Uncertainty 2: Bayesian Optimization with Uncertainty
This is the second of three blog posts during which we explore the concept of uncertainty - or noise - and its implications for Bayesian optimization. This is part of our series of blog content on research that informs our product and methodologies.
- Uncertainty 1: Modeling with Uncertainty
- Uncertainty 2: Bayesian Optimization with Uncertainty
- Uncertainty 3: Balancing Multiple Metrics with Uncertainty
Intro
In our previous blog post, we discussed the importance of properly accounting for uncertainty when constructing machine learning models for regression/classification. Here we focus on how uncertainty plays an important role in Bayesian optimization. We will show how a naive strategy for optimization (random search) falls short in problems with uncertainty in the function values. Then, we will review the fundamentals of Bayesian optimization, highlighting acquisition functions that could be used in this setting. Finally, we illustrate the differences between these approaches, as well as the impact of noisy observations, for a simple optimization problem. This is our second blog post in the uncertainty series; our third post (released next week) discusses the interpretation of efficient configurations for multiple metrics which are noisy.

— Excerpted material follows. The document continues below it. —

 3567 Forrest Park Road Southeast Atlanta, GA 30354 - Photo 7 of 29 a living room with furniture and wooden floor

Black-box optimization refresher
Black-box optimization has been a critical component of many complex systems in science and engineering; one notable application is hyperparameter tuning, a key component of machine learning (ML) systems. Here, we introduce ideas fundamental to constructing a black-box optimizer which is robust to noise.

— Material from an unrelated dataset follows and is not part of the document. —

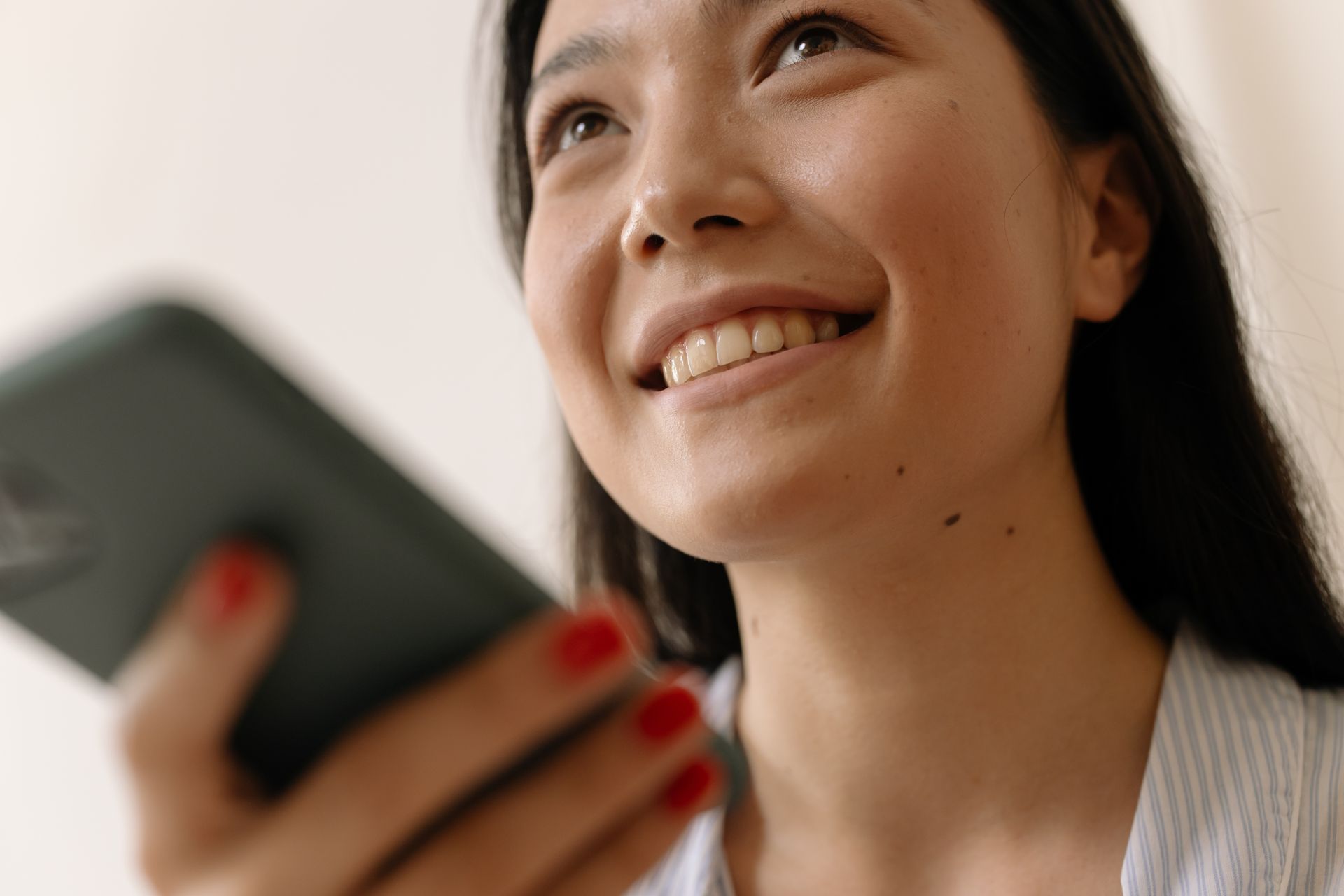Low Angle Shot of a Woman Holding a Smartphone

Let us begin describing a typical black-box optimization setting:
- We want to sequentially select locations ^{(1)} of the input domain, $x \in \mX$, to find the global optimum of an objective function $f : \mX \to \RR$ of interest, \[ x^\ast = \argmax_x f(x). \]
- We have no structural knowledge of $f$ beyond querying its function values at a given input location $x$.
- The objective function is expensive-to-compute and we want to find $x^\ast$ as quick as possible, i.e., few function evaluations.
When tuning hyperparameters, for example, the objective function $f$ is typically the performance of the ML algorithm, e.g., the validation accuracy of the model. The solution $x^\ast$ is the hyperparameter configuration that results in the best (validation) performance. For a neural network, typical hyperparameters that can be optimized using this technique include the learning rate, the SGD momentum and the number of nodes per layer.
As an illustrative example, let us consider the function depicted in Figure 1. Our goal is to maximize this function in the black-box setting. For ease of exposition, we will say that an optimization was successful if the optimizer returns as answer or final recommendation any location in the region of interest^{(2)}. As shown in the figure, the region of interest is a subset of the input domain corresponding to the highest function values.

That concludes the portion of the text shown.